¿Pena de muerte?
El fantasma de la pena de muerte recorre el territorio. Esa figura fantasmal se manifiesta en dos aspectos: en lo real y en lo legal. En lo real se materializa cuando las fuerzas del orden deciden “darles para abajo” a ciertos presuntos o reconocidos delincuentes.
Expresan así su inconformidad con la alegada facilidad con que ciertos criminales salen de las cárceles. Acusan al Código Procesal Penal y sus garantías de esas ocurrencias. Algunas de esas autoridades piensan que los delincuentes se burlan de sus esfuerzos investigativos. Esa práctica debe terminar.
El pujo de la aparición del referido fantasma de la pena de muerte en lo legal surge cuando se producen horrendos hechos de sangre, ya sean asesinatos o intentos frustrados contra figuras socialmente relevantes, ya sean nacionales o extranjeras.
El caso más reciente que ha desencadenado a esa fantasmagoría, fue el atentado contra el inmenso héroe baisbolístico y celebridad mundial David Ortiz. Este gran dominicano y ex toletero de los Medias Rojas de Boston se caracteriza por su humildad de alma y su generosidad frente a la desgracia de los desarropados. Una acción de sicariato lo hirió gravemente, pero por fortuna sobrevivió.
Es una prueba más de cuánto mal pueden hacer algunas escorias sociales, que no respetan nada ni a nadie.
La solicitud del establecimiento de la pena de muerte en nuestro país es un grito de desesperación de algunos sectores sociales. Sufren de pánico, de inseguridad ciudadana y de una especie de estrés post traumático frente a las sangrientas noticias.
Resulta evidente que esas solicitudes de aplicación de la pena de muerte son exabruptos. No tienen conciencia de las consecuencias socio-políticas de sus pedimentos.
Está probado que la pena de muerte, como el agravamiento de las penas privativas de libertad, no resuelve nada. Ni disminuye los hechos criminales ni protege a las personas. Más bien refleja la rabiosa impotencia de la sociedad por la ineficacia de las políticas públicas de combate a la delincuencia.

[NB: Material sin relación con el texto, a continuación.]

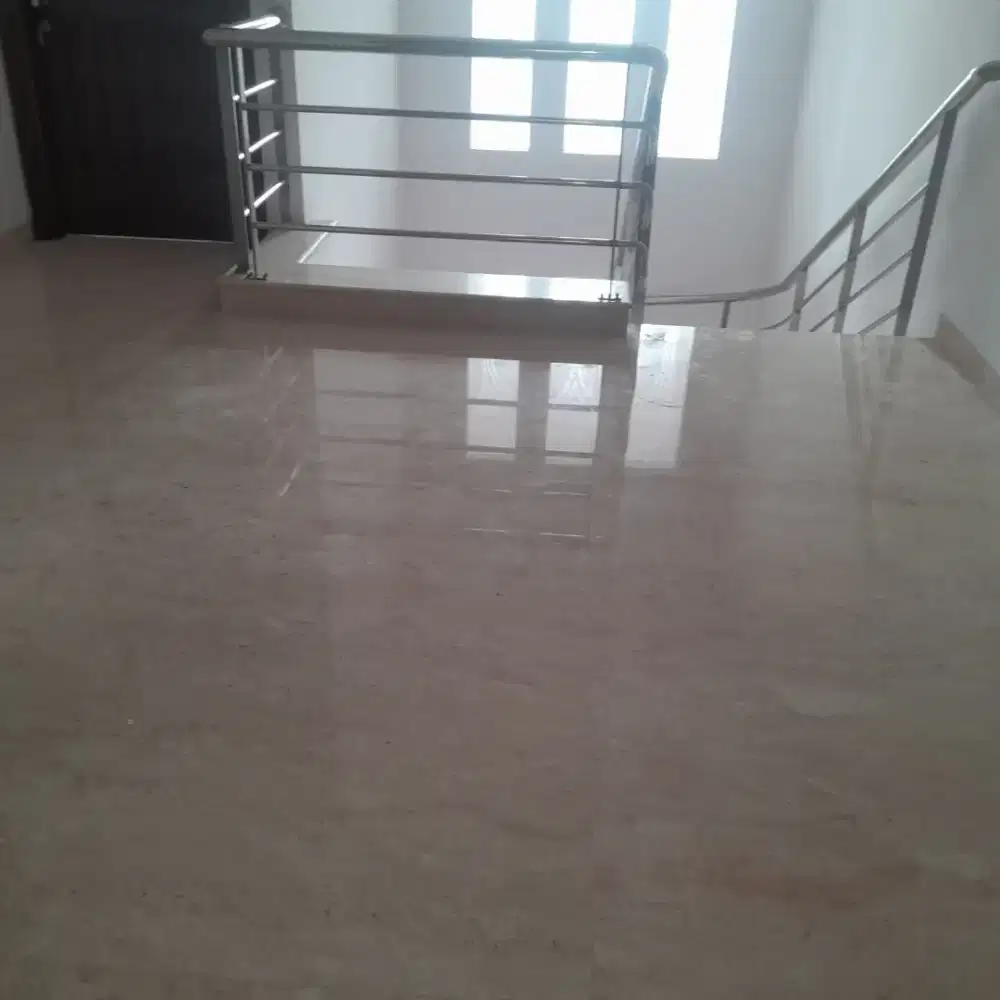 Tukang Pasang Marmer, Quadra, Granit. Kontraktor Bangun Rumah Mewah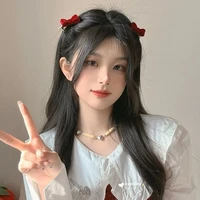 น้ำหนึ่ง: 👑🌺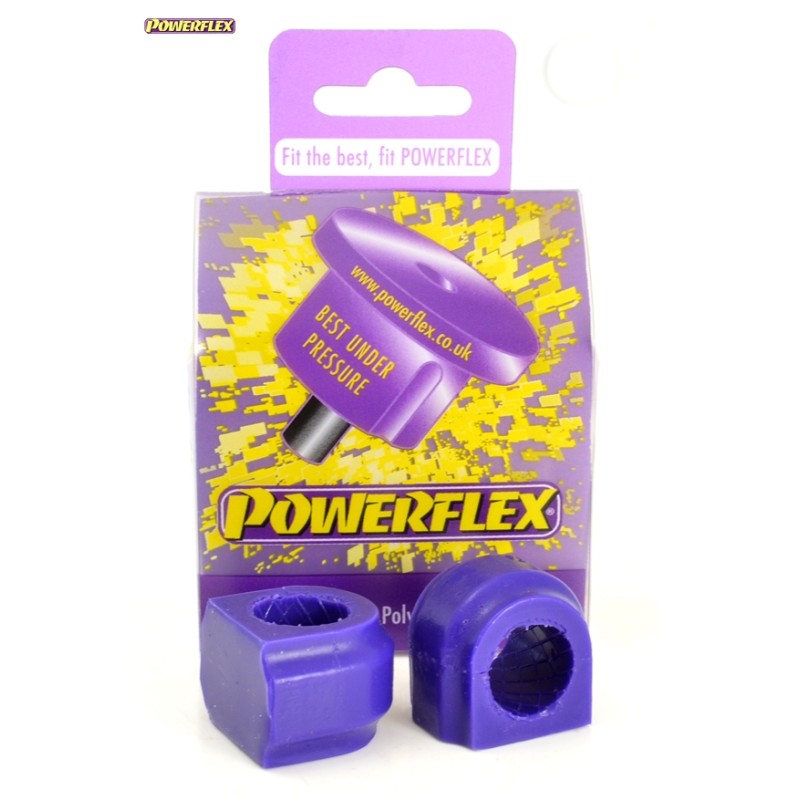 Powerflex PFR5-111-18 Powerflex PFR5-111-18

El artículo 37 de nuestra Carta Magna prohíbe terminantemente la pena de muerte. Por tanto, toda ley que permita esa sanción capital, es nula de pleno derecho, conforme al principio de la supremacía de la Constitución y por subvertir el orden constitucional, conforme a los artículos 6 y 73 de la Carta Magna.
Para consagrar aquí la pena de muerte, hay que modificar el Pacto Político.
Yeso sería un garrafal error. Una vez que esa maquinaria de muerte comience a liquidar a delincuentes, nadie sabe hasta dónde llegará con su guadaña implacable.
Podrá alcanzar a políticos, empresarios o simples ciudadanos de a pie que se vuelvan incómodos para algunos gobernantes de turno, con aires de trujillitos.